Professor’s Comments December 20, 2013
Posted by OMS at December 20th, 2013
Markets were flat yesterday with the Dow rising 10 points to close at 16,179. The NASDAQ and S&P were both down 12 and 1 point respectfully, with the SPX closing at 1809, still under its recent high of 1813. Volume on the NYSE was moderate, coming in at 105 percent of its 10 day average. There were 186 new highs and 90 new lows.
Gold had a bad day yesterday, falling over 40 points to close under 1200 (1194). And Apple, AAPL, fell 6 points to 544. It was only about a week ago that I was talking about how AAPL was hitting its target of 575 and needed to fall back. BTW, the DMI on AAPL is now negative.
Anyhow, I didn’t see much change in the pattern or my indicators which are still mixed. So because of this I want to share a few comments I received from students during the past few days. I think you’ll find them interesting.

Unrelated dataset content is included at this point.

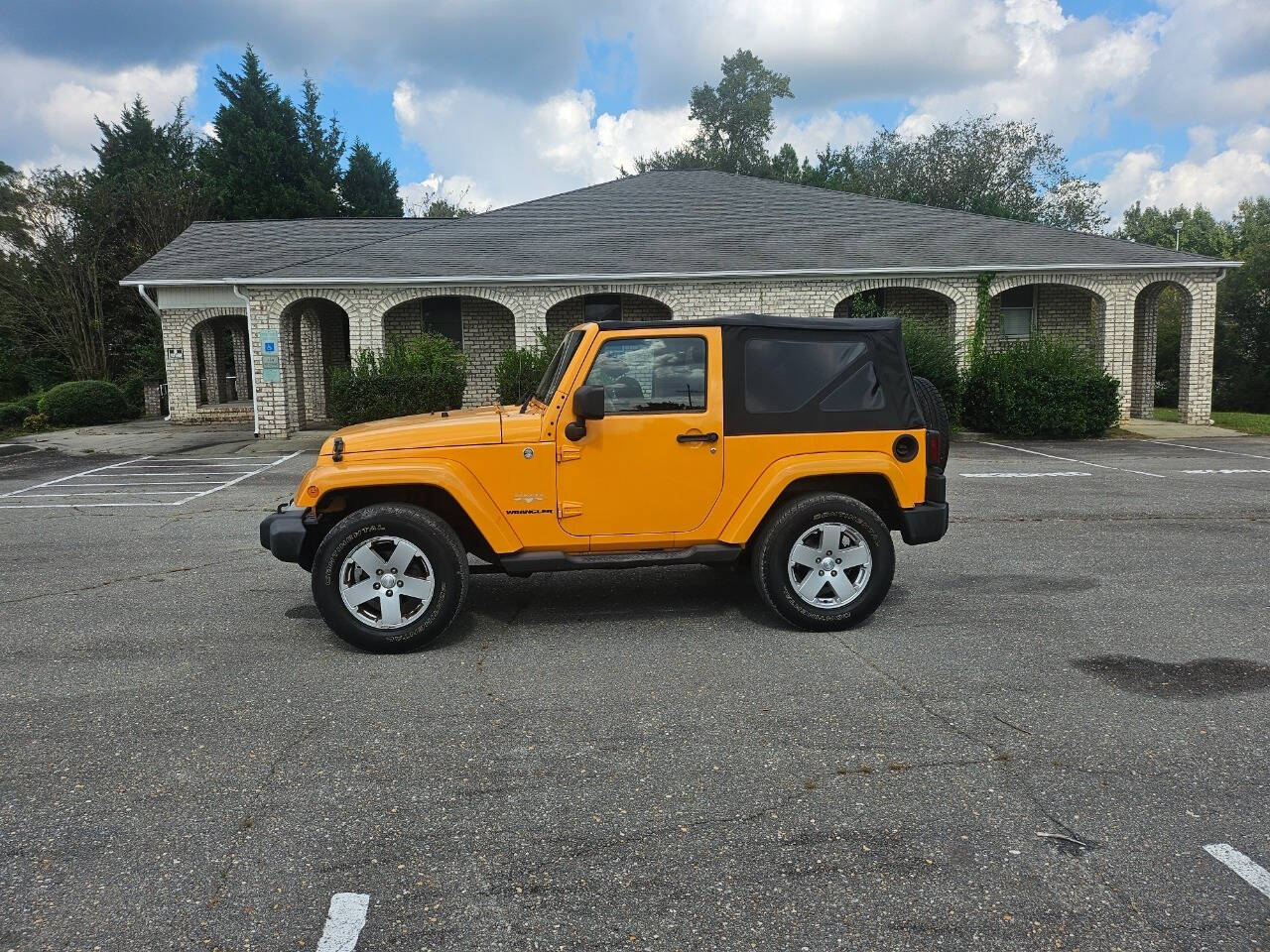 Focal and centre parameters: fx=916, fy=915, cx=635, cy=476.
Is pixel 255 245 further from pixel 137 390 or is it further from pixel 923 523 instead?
pixel 923 523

For the past few months, there has been a lot of talk about the housing market’s recovery. And yesterday, Emeritus highlighted a housing stock for the Honor Roll. So when I received an email from a student involved in the housing market and mortgage market, it peaked my interest.
For obvious reasons, I have removed the name of my student and the company he works for. However you should know that his company is one of the largest lenders in America. You would definitely recognize the name. Here’s the email:
“Like most responsible adults, I prefer facts to opinions.

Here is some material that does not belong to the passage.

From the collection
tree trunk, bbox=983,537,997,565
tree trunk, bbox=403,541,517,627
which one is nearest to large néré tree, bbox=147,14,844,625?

Real life experiences explained carry much more weight with me that opinions or predictions.
I originate mortgages for XXXX.
I’ve been at it for 20 years.
The last 4 months have been some of the lowest production we, as a company have produced in recent memory.

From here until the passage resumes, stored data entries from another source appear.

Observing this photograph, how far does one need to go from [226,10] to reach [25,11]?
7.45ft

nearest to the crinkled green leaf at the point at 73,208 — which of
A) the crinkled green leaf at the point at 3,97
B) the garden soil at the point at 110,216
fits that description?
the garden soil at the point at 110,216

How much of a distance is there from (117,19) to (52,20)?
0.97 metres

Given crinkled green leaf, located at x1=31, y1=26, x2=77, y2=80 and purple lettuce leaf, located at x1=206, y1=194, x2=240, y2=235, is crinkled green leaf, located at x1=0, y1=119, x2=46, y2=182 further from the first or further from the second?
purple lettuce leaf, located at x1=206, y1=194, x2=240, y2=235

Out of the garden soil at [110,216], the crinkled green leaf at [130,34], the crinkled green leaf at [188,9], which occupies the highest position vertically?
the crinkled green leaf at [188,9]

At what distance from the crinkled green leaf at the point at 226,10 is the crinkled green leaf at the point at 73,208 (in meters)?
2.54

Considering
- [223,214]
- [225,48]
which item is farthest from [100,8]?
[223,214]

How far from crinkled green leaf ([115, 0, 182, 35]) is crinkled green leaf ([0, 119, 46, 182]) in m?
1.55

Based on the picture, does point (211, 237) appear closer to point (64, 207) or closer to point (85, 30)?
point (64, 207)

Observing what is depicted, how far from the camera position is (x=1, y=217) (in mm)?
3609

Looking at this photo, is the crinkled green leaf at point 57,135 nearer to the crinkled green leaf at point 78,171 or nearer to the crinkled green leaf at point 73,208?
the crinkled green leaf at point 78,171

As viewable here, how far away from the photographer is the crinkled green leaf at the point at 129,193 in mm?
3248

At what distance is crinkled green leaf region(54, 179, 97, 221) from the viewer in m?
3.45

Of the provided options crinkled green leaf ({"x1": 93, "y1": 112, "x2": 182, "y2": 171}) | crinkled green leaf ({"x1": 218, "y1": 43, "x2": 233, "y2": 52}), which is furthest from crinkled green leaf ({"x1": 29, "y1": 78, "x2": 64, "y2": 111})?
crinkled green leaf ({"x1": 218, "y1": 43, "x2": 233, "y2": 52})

Our national volume forecast for 2014 is almost an exact match for 2008.
Remember 2008? 40% of our loan officers left the business for lack of production in 2008.
We’ve laid off about 30% of our processors and underwriters in the last 6 months.
This doesn’t help and is a good indicator of what the guys in the ivory tower predict for volume next year.
At the local level, it ain’t pretty.
My production has been lousy by my standards, yet I’ve been number one out of 12 loan officers each of the last 4 months. Hmm.
In order for my branch to declare a “good month” we must close 13 million per month.
Last month we closed 3 million.
Last evening I watched the beginning of the CBS Evening News, (CBS being the one network that offends me the least of the big 3) Scott Pelley gushed about the “resurgence in the economy” and the “vastly improved” jobs market.
Happy Days are here again!
I turned the news off.
Looking back on last evening, I realized that I was a bit agitated the rest of the night.
I wonder why.
I’m getting sick and tired of being lied too.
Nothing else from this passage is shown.